In a 1982-interview, Namdeo Dhasal said that if the aim of social struggles was the removal of unhappiness, poetry was necessary because it expressed happiness vividly and powerfully. Later he stated: Poetry is politics. It is possible that as I engage with Chandramohan S’ poetic constructs in his collection of poetry, Letters to Namdeo Dhasal, I keep referring to the world through the anatomy of poetry and the form gets deformed, contours blurring into a physiological illusion, as strong frames of social references emerge of the place this poet has in the world, as also his profound thoughts.

Take for instance:

That in a riot unapproachable and the untouchable/would exchange bodily blows with one another

or A black body swinging in mute silence,/Strange fruit hanging from tridents.

or Some poems self-immolate/resisting unsolicited advances of a translator

There are unseen lines that cut across the globe of Chandramohan’s poems, making little concession to metaphor, idiom or insinuation. Wisdom accrues long after the reading-time of his poems, sourced from a triangulation of lyrical exposure, political circumstance, and tacit historic and forensic truths. His ink courses through the flesh and bone of Dalit and Avarnas history in Kerala. A retrospective of centuries-worth of asperity, straddling mythology to postmodernism, one stanza at a time.

Chandramohan documents subaltern life with precision and pluck, encountering two enforced exiles simultaneously – one, the injustice meted out by humans to humanity, the other of being a poet writing in Indian English.

Take for example:

I try to find myself a place/in his skull/beyond his caste mark, between his eyebrows.

Or, They ask me what new artillery I had invented?/Heckler poems—dynamite at election rallies.

The obsession over possessing a perilous last name or family name is a palpable one, and appears as a militant thread in terrorized subtext.

The poems in this book have to be read multiple times. One for the pleasure of poetry itself: its freshness, pungency, and word-music; next for subaltern encryptions; then for the unleashing of allusions from mythology to global-day myth that brim with their ferocious edgings.

A thing that comes to my mind is cultural appropriation.

P. Sivakami, the prominent Dalit writer, at the last interface, had mentioned how it was time mainstream and non-Dalit writers included Dalit characters into their narratives.

On one hand, while this incorporating into imaginative milieus is necessary, on the other, my inquiry is if we can really understand the dynamics beneath generations of hostility and oppression. It is easier to handle what we know with perverse deftness and reckless ease, not something that needs delicate attention. But how do we navigate interpretation then? Maybe, only cultural absorption will offset cultural appropriation, in form, critique, and manner.
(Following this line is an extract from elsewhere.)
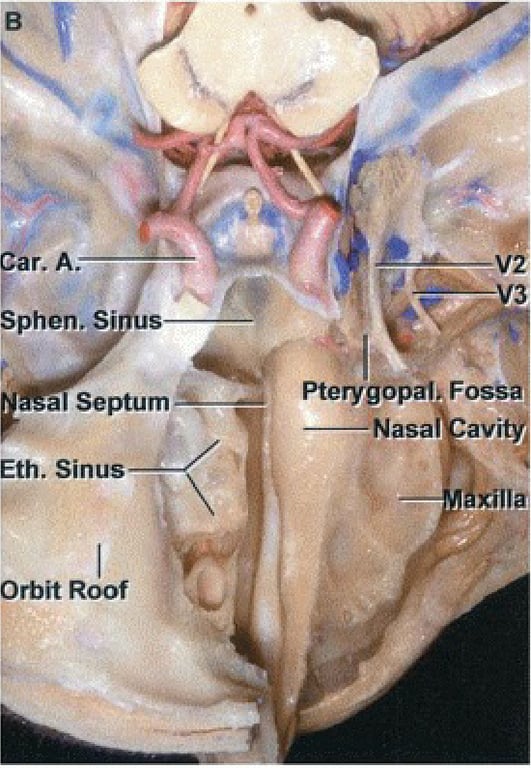 Sphen. Si a Septum Eth. Sinus Orbit Roof PterygOpa1b F0SS Nasa av-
I have read an average amount of poetry, much less Dalit literature, but the other poet who comes to mind when reading Chandramohan is Meena Kandasamy. I won’t compare their poetry, because we need voices as strong as these and more to make for a compelling discourse that can affect the shifting of mindsets, and thence physical milieus and manifestations.

After reading Letters to Namdeo Dhasal, I feel rage. It is an emotional journey that begins with the question: how have they borne this for centuries? What if we were them? The debris of disparity settling under the dermis of tolerance. And while Chandramohan is not burning the earth, but just pages, line break after line break, am I supposed to engage with his writings just intellectually?

Is it because we are habituated to linguistic-sophistication for the heeding, or music in the missionary style, pre-digested erudition?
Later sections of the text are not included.